▸ **The problem**:
Retype, word for word, the line holding "Bacidia schweinitzii" and each line after it down to the end of the data; pictures are not copied.

▸ **Entries provided**:
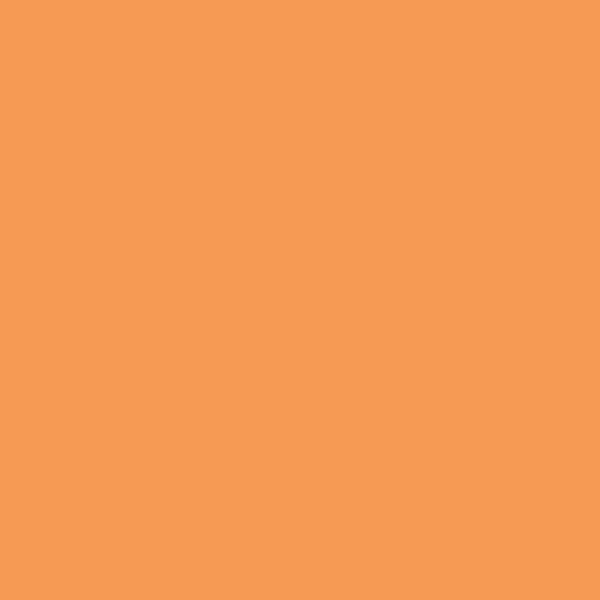 Glidden Fall Leaf PPG1197-6 paint color swatch — hex #F69A54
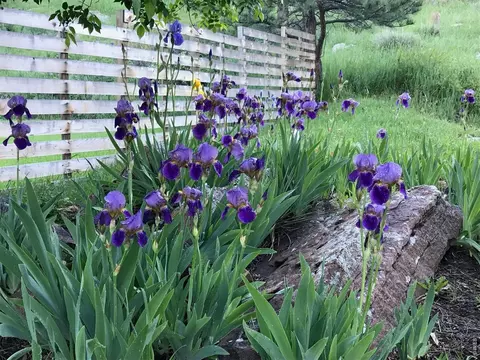 Exterior - 1254 Lee Hill Dr, Boulder, CO 80302 photo 5 of 7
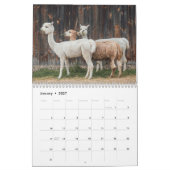 Alpaca 2025 kalender (Jan 2027)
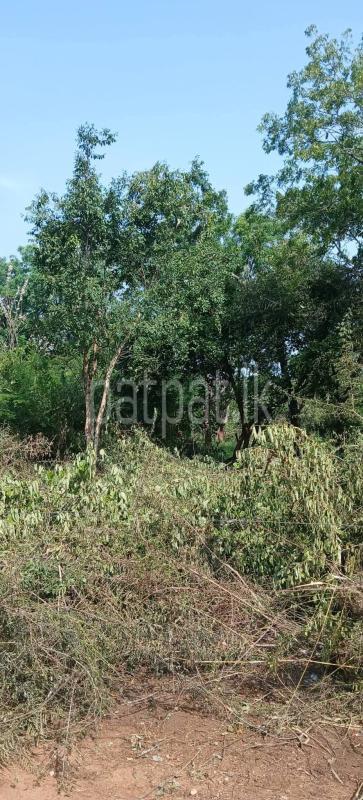 Residential Land for Sale in Kataragama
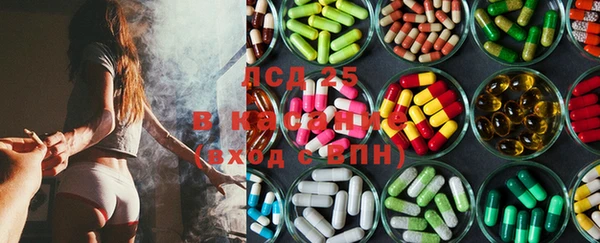 ECSTASY Новодвинск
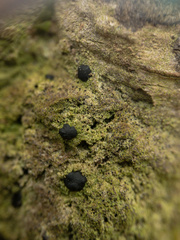 Bacidia schweinitzii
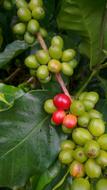 Green Coffee beans in Nature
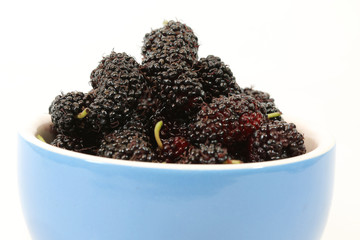 mulberry isolated on white background.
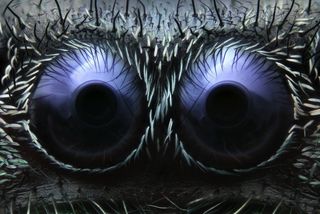 This close-up of two jumping spider eyes snagged third place in Nikon's Small World photo contest.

▸ **Expected answer**:
 Bacidia schweinitzii
 Green Coffee beans in Nature
 mulberry isolated on white background.
 This close-up of two jumping spider eyes snagged third place in Nikon's Small World photo contest.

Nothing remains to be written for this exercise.